Each line of the records has to be copied exactly, though the pictures must be left out.
---- Recorded information
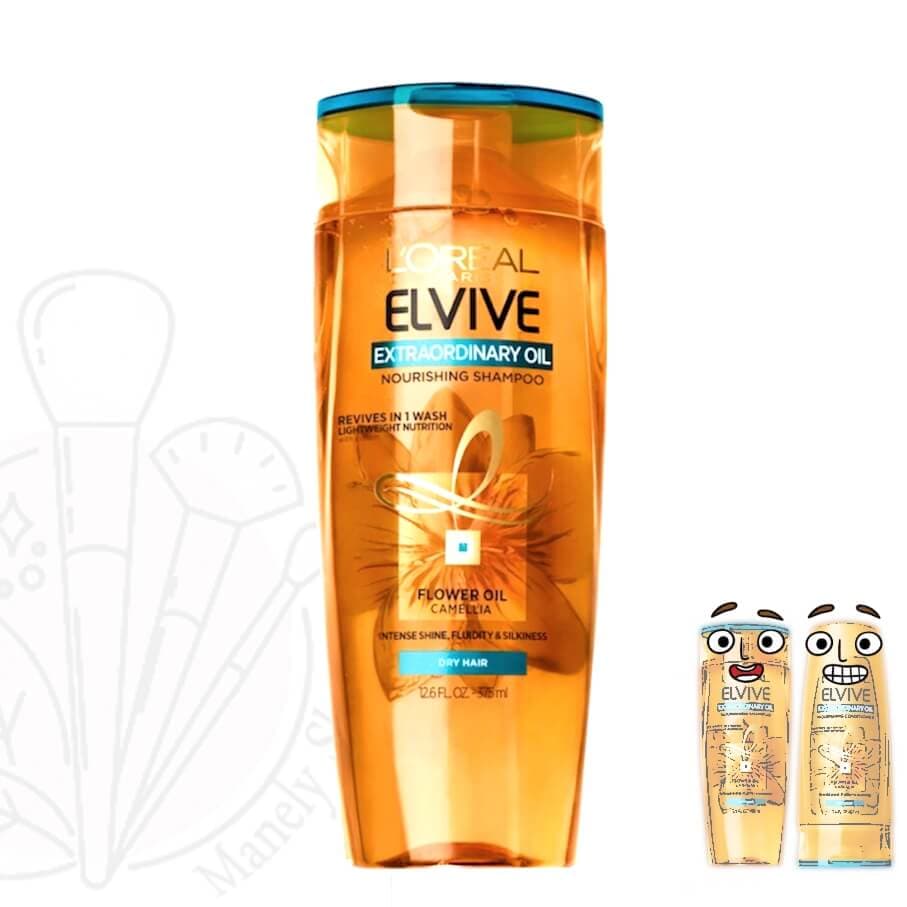 شامپو لورال تقویت کننده مناسب انواع مو مخصوصا موی خشک و آسیب دیده اصل LOreal Paris ELVIVE Extraordinary Nourishing Shampoo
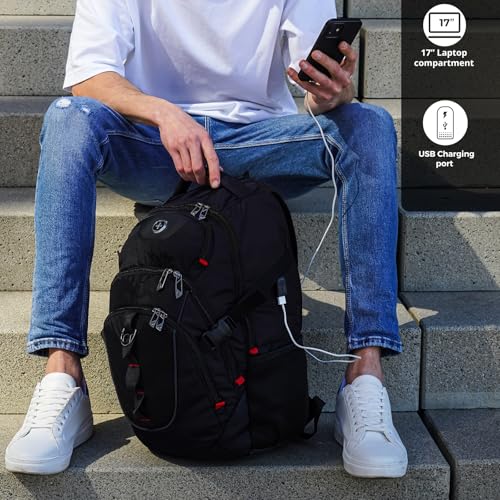 Swissdigital Design Laptop Backpack with USB Charging Port, Travel Backpack Fits 15.6 inches Computer, 31L College School Backpack for Men, Black | SD803
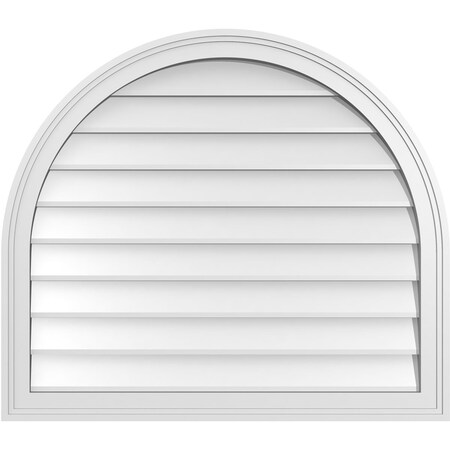 Ekena Millwork Round Top Surface Mount PVC Gable Vent w/ 2"W x 1-1/2"P Brickmould Frame, 32"W x 28"H GVPRT32X2802SN
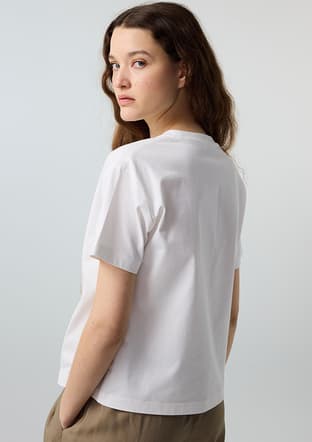 İPEKYOL - IS1260070168 Kadın Beyaz Baskılı T-Shirt - 4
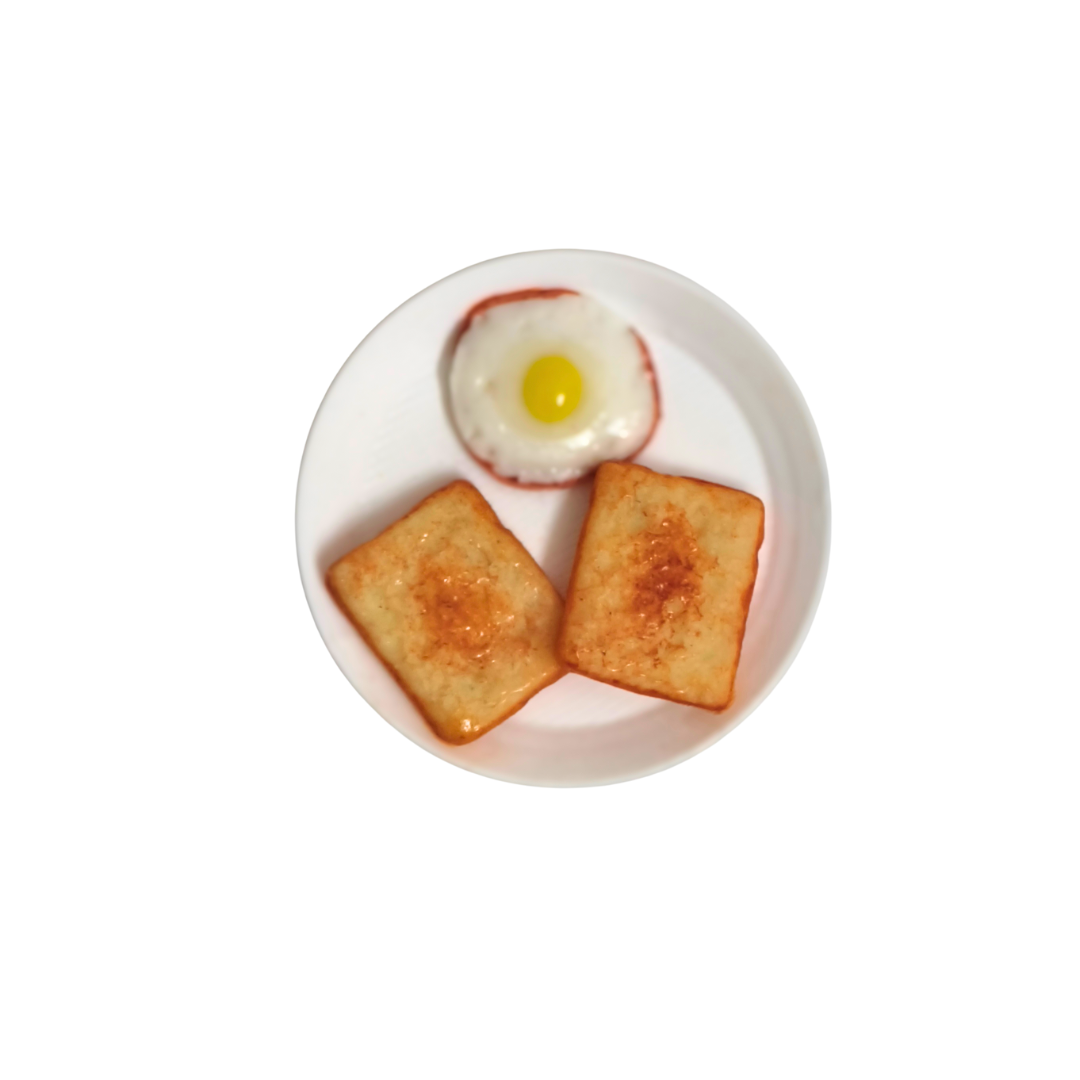 White Plate Food Miniature Fridge Magnet Bread Toast &Fried Egg Set 100% Handmade in India Best Souvenir gift , Gift for any occasion (Copy)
--------
*Worked solution*
 شامپو لورال تقویت کننده مناسب انواع مو مخصوصا موی خشک و آسیب دیده اصل LOreal Paris ELVIVE Extraordinary Nourishing Shampoo
 Swissdigital Design Laptop Backpack with USB Charging Port, Travel Backpack Fits 15.6 inches Computer, 31L College School Backpack for Men, Black | SD803
 Ekena Millwork Round Top Surface Mount PVC Gable Vent w/ 2"W x 1-1/2"P Brickmould Frame, 32"W x 28"H GVPRT32X2802SN
 İPEKYOL - IS1260070168 Kadın Beyaz Baskılı T-Shirt - 4
 White Plate Food Miniature Fridge Magnet Bread Toast &Fried Egg Set 100% Handmade in India Best Souvenir gift , Gift for any occasion (Copy)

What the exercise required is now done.